Alternatively, defendant argues that she received two separate punishments for a single offense. We find this argument compelling. The trial court specifically sentenced defendant to probation consecutive to imprisonment. Section 5 — 8—4 of the Unified Code of Corrections allows consecutive sentences in certain circumstances. (730 ILCS 5/5 — 8—4 (West 1992).) By its simple plural terms, section 5 — 8—4 requires multiple offenses for the application of consecutive sentences. The trial court’s reliance upon Wendt as support for consecutive sentences is misplaced since Wendt involved multiple offenses and addressed the issue only in that context.
We find nothing in the Unified Code of Corrections to prohibit a sentence for a single offense that includes both imprisonment and probation pursuant to section 5 — 5—3(b). Since section 5 — 8—4 permits consecutive sentences only for multiple offenses, imprisonment and probation, imposed consecutively as part of a disposition for a single offense, are prohibited. When a defendant is sentenced for a single offense, the imposition of consecutive sentence options constitutes an unauthorized increase in the penalty for such offense. Provided that imprisonment and probation are not imposed consecutively, both may combine to comprise the sentence for a single offense, just as the court could sentence a defendant to imprisonment and a fine.
In this case, the trial court sentenced defendant to consecutive sentences for the same offense. We hold that the trial court lacked authority to impose consecutive probation, the statute authorizing consecutive sentencing having limited its use to those convicted of multiple offenses.
The record indicates that the trial court’s verbal order at the resentencing hearing is inconsistent with the written order. The written order of probation erroneously indicates that the period of probation begins on the date of the hearing, December 14, 1993, and not at the conclusion of defendant’s imprisonment. Furthermore, attachment A to the written order of probation erroneously lists the *111two-year period of imprisonment in the Department of Corrections as a condition of probation. When the written and verbal orders of the trial court conflict, the verbal order prevails. People v. Smith (1993), 242 Ill. App. 3d 399, 402, 609 N.E.2d 1004, 1006.

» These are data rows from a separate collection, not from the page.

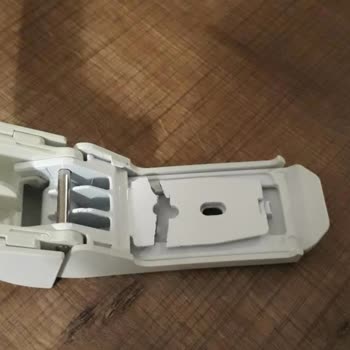 Uğur Soğutma Ued 7246 Dtk Nf D/S A+ Dikey Derin Dondurucu Kapı Kolu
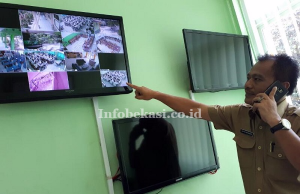 Kepala Sekolah SMKN 2 Bekasi Pantau UNBK Lewat CCTV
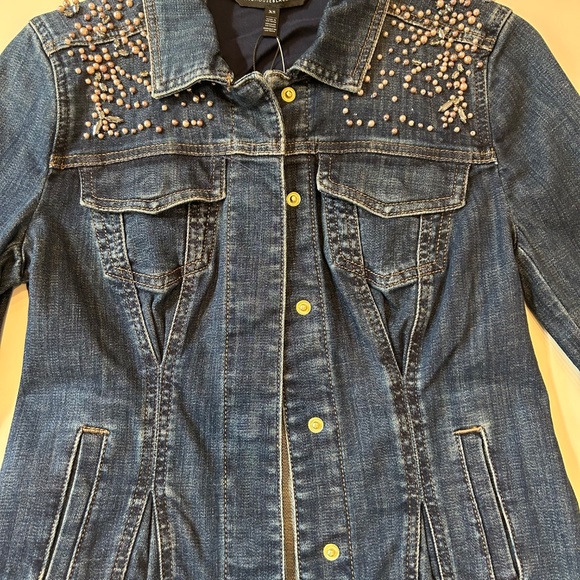 White House Black Market Hillary Pearl Embellished Denim Trucker Jacket Size XS - Picture 6 of 10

Where a court with jurisdiction over both the person and the offense imposes a sentence in excess of that allowed by statute, the invalid portion of the sentence is void. (In re T.E. (1981), 85 Ill. 2d 326, 333, 423 N.E.2d 910, 913; People v. Perruquet (1989), 181 Ill. App. 3d 660, 663, 537 N.E.2d 351, 353.) The legal, authorized portion of the sentence remains valid. T.E., 85 Ill. 2d at 333, 423 N.E.2d at 913; Perruquet, 181 Ill. App. 3d at 663, 537 N.E.2d at 353.
As we find that the trial court lacked authority to sentence defendant to probation consecutive to imprisonment, we vacate the sentence of probation.
Affirmed in part; vacated in part.
RARICK and GOLDENHERSH, JJ., concur.